Having caused quite a stir with their singles “French Exit” and “The Hit,” they have now dropped their first full-length record, Poor Girls / Broken Boys, which features the fore-mentioned songs and shows every sign of being a late underground contender for album of the year.

“French Exit” opens the album with stabs of guitar and dual male/female led vocals that break into frenetic shouts and screams and even what sounds like a bit of melodica thrown in. The punchy number sets the tone for the rest of the record and the boundless energy of this new indie disko classic is a welcome invite that really draws you into the album, which is somewhat ironic given that it’s a song about the need to flee due to increasing social anxiety. Any lesser band and swaggering song “The Knife” would have been a single, but for The Vegan Leather it’s just another excellent album track for the art pop provocateurs. “Flakey” feels like the theme tune to the best ‘80s U.S. sitcom that never happened.
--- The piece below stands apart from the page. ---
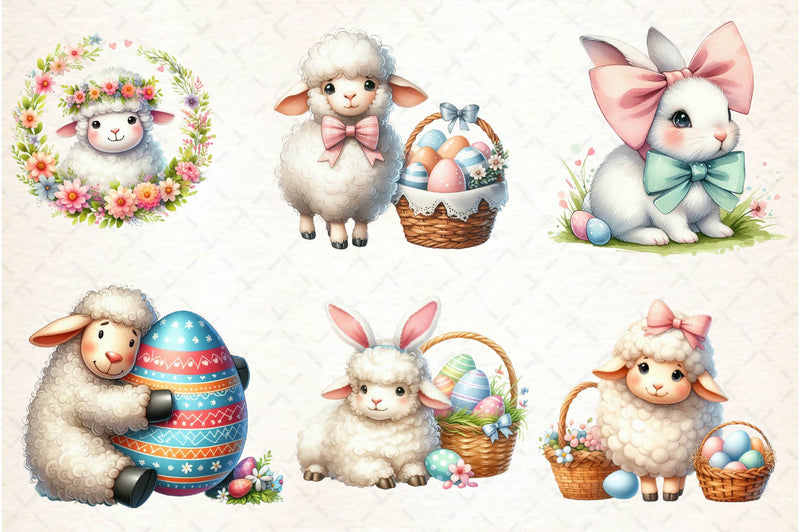 Cute Easter Sheep Clipart Bundle - CraftNest - Digital Crafting and Art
Having shown such exceptional promise so early on, the worry is that Poor Girls / Broken Boys would tail off, having burnt themselves out throwing everything into the stunning intro. Fortunately, this is far from the case and “Unorthodox” does indeed burst out of the box as its name suggests, while “Holy Ghost” resurrects shades of nu rave and “Know It All” is The Vegan Leather at their wildest.

“The Hit” lambasts the pressures on an act to achieve commercial success whilst also alluding to the treatment of women in the music industry, forced to be both passive and sexually provocative—reduced to a mere commodity to be used and destroyed. Had it simply been a few throwaway lyrics, the fantastic pop hooks and that immensely catchy bassline would have been enough to make it a great tune. But with the addition of such powerful lyrics they look ready to become the wry anti-hero icons that we seem to have been missing for a generation.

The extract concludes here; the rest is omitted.